Gotta Love the Language Arts of Tacticool
Dr. John Woods 08.01.16
Tacti-what? This new generation of weapon’s (guns) enthusiasts has apparently been raised on a steady diet of acronyms, mil-spec designations, Emoji’s, hyphenated non-words, street hype, gun shop slang, ballistic mumbo-jumbo, combat colloquialisms, and non-descript barrack’s rattle they now call tacticool. So, where exactly that term came from is anybody’s guess. And so, why bother?
This past year I have directed a federal grant from the U.S. Department of Labor. The learning curve in terms of understanding the millennial language used in the grant as well as in conference calls from the administration “sorority girls” (as Michael Savage calls them) is amazing. You can’t even understand what the hell they are talking about most of the time. They assume everybody is versed in the gov’ment lingo, but few of us are. It’s an epidemic.

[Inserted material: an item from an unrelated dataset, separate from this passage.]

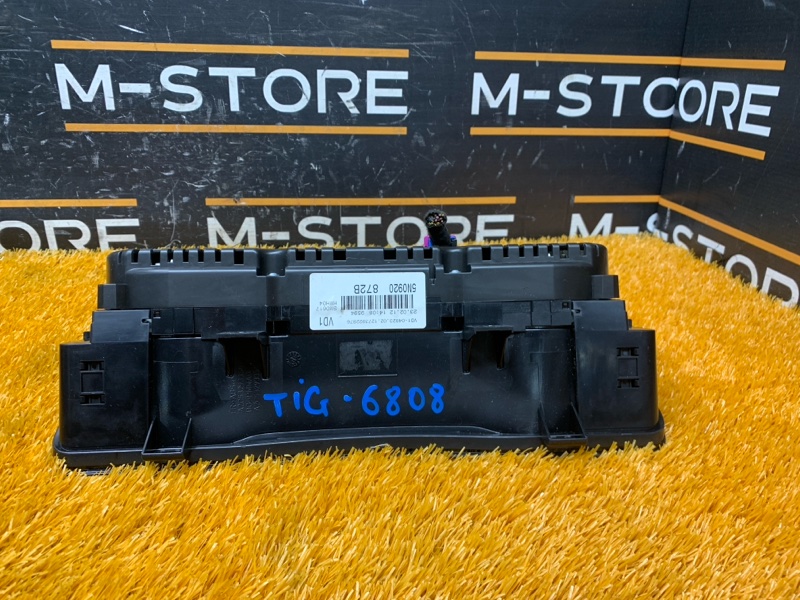 щиток приборов, 3460 рублей, Красноярск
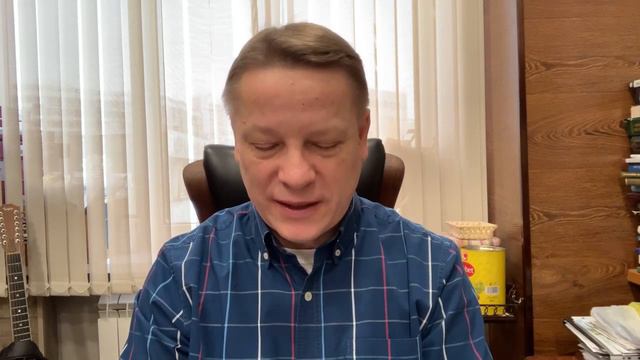 Вера в сверхъестественное | Кофе с пастором | Моя церковь смотреть онлайн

A lot of this new language evolution has been rolling over into survivalist, prepper, and weapons material for the past few years. It has been coming on pretty fast, and it is hard to keep up with and fully understand. For this reason, I write this tome to warn preppers to take time to fully digest this language and to not be fooled or misled by it. Much of it is just window dressing trash talk and marketing hype anyway to lure in a segment of readership that has been slipping away via iPhones and other technologies.

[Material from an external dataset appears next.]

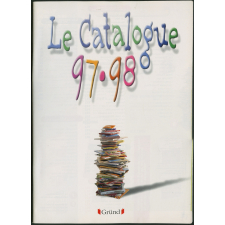 Le catalogue Gründ 97-98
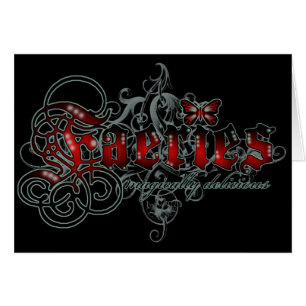 Feen magisch köstlich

So, take text descriptions like “I ‘lased’ the target” or “check the scope’s reticle algorithms” with a grain of salt. The last time I “lased” anything I was taking a nap with the lap pooch in my recliner. That’s an explanation almost anybody can understand.
Some newbies to prepping have recently sent emails asking what this term or that term means, and though I chuckle to myself, I try to fully explain what I know if there is in fact anything to be known. Most of the time I can muddle through an author’s depiction of some new product review or technique trying to decipher the millennial lingo.
The really fun part is thinking from my higher education background that most of these 18-22 year old Generation Z (for zombies I guess) junior warriors probably can’t even read the articles to begin with much less understand them. The next generation up that served proudly in the sand dunes or other scrappy places probably do “get it,” since I think this is where most of the terminology coinage comes from. So be it, just read it with interest and bypass the blow.